Three concepts of liberty
Isaiah Berlin’s “Two Concepts of Liberty” (1958) drew the distinction the field still works from. Negative liberty is the absence of interference — freedom as the space within which one is left alone to act, bounded only where it would impede another. Positive liberty is the presence of self-mastery — freedom as the capacity for self-direction, being one’s own master rather than driven by forces one disowns. Berlin’s warning was that positive liberty, innocent in itself, can be turned: once freedom is identified with a “higher” or “rational” self, an authority can claim to free people against their will by aligning them with what they would want if only they were wise enough — coercion rebranded as liberation.
A third concept reframes the choice. The republican tradition, recovered by Quentin Skinner and given systematic form by Philip Pettit (Republicanism, 1997), defines freedom as non-domination: not the absence of interference but the absence of subjection to arbitrary power. The test case is the benevolent master who never interferes — on the negative view his contented slave is free, since unimpeded; on the republican view the slave is unfree all the same, because he lives at another’s mercy, his liberty a gift that could be withdrawn. Non-domination demands not just that no one interferes but that no one could interfere arbitrarily — which turns freedom into a matter of institutions, the rule of law and accountable power, rather than merely of being let alone.
The liberal self
Liberalism’s account of the self underwrites its politics. The liberal subject is, in the first instance, an individual: prior to its social roles, a bearer of rights, the author of its own conception of the good. Mill’s On Liberty (1859) gives the canonical defence — the harm principle, that power may be exercised over a member of society against their will only to prevent harm to others, and the case for individuality and diversity as conditions of human flourishing. Rawls’s veil of ignorance abstracts the self from its particular attachments precisely to find principles no one could reject on the basis of where they happen to stand. The strength of the picture is its neutrality: by not presupposing any one conception of the good life, a liberal order claims to leave room for all of them.
The communitarian reply
The communitarian critics of the 1980s argued that this neutral, prior self is a fiction, and a consequential one. Michael Sandel (Liberalism and the Limits of Justice, 1982) pressed the charge directly: the self behind the veil of ignorance, stripped of its attachments and ends, is too thin to be anyone — real selves are encumbered, partly constituted by loyalties and commitments they did not choose and could not shed without ceasing to be themselves. Alasdair MacIntyre (After Virtue, 1981) argued that moral reasoning is unintelligible outside a tradition and a narrative that give the agent’s life its shape. Charles Taylor traced how identity is formed dialogically, in relation to others and to shared frameworks of meaning, not assembled by a self that precedes them. Michael Walzer located justice in the shared understandings of a particular community rather than in principles chosen from nowhere.

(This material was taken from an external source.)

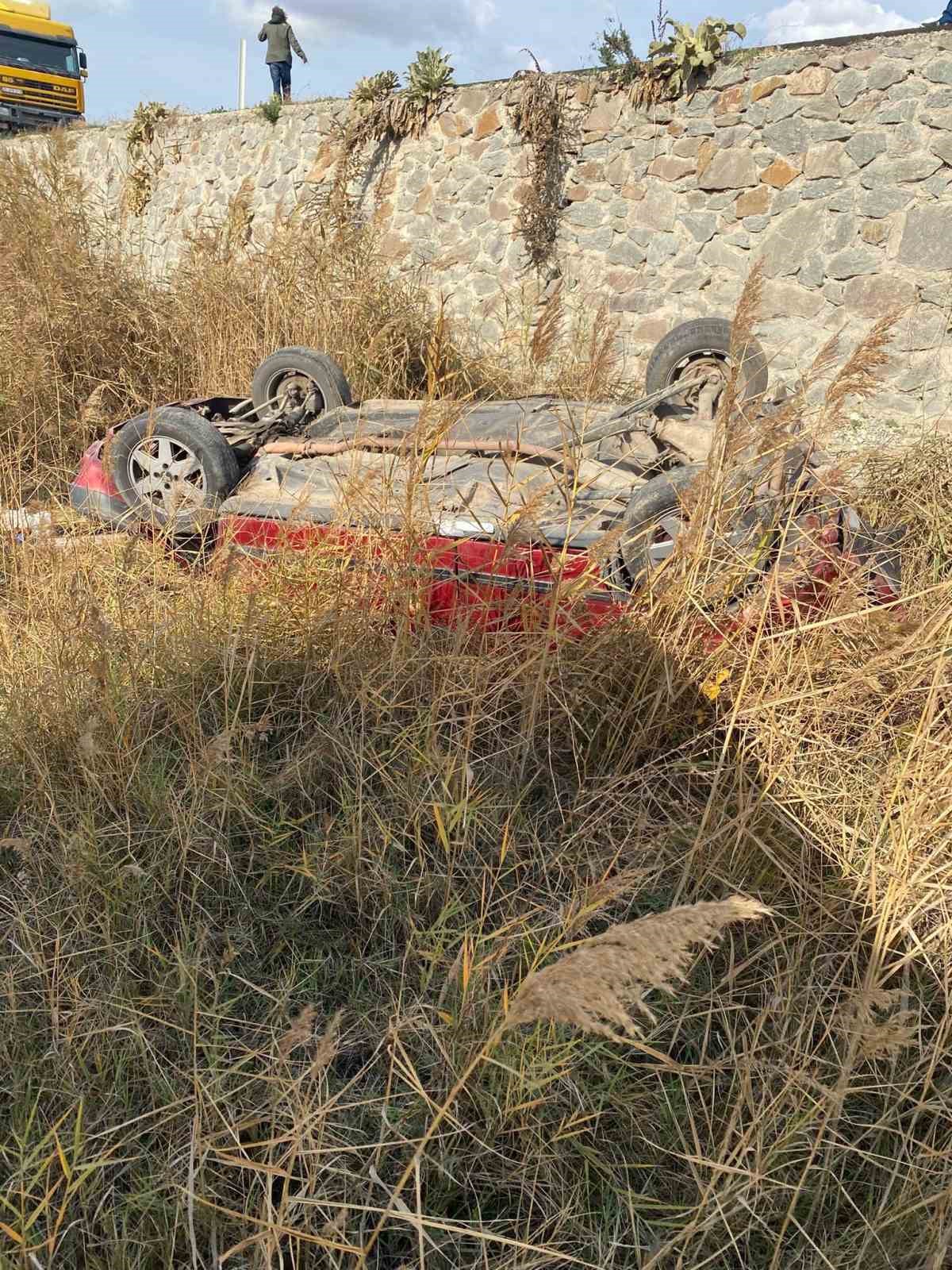 Manisa&rsquo;da otomobil tarlaya u&ccedil;tu: 1&rsquo;i bebek 5 yaralı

The dispute that follows — the liberal–communitarian debate — is one of the field’s defining fronts. Its real question is whether justice can be neutral about the good, or whether any workable politics must presuppose some shared conception of how to live. It is not cleanly won. Rawls’s Political Liberalism (1993) can be read as conceding part of the charge — dropping the comprehensive picture for a strictly political conception that asks only for an overlapping consensus among divergent doctrines — while liberals reply that the communitarian, pressed, either collapses into relativism (each community just to its own lights) or smuggles back the universal standards it denied. The communitarians, in turn, deny both. The self that politics is built for remains contested, and with it the kind of freedom such a self can have.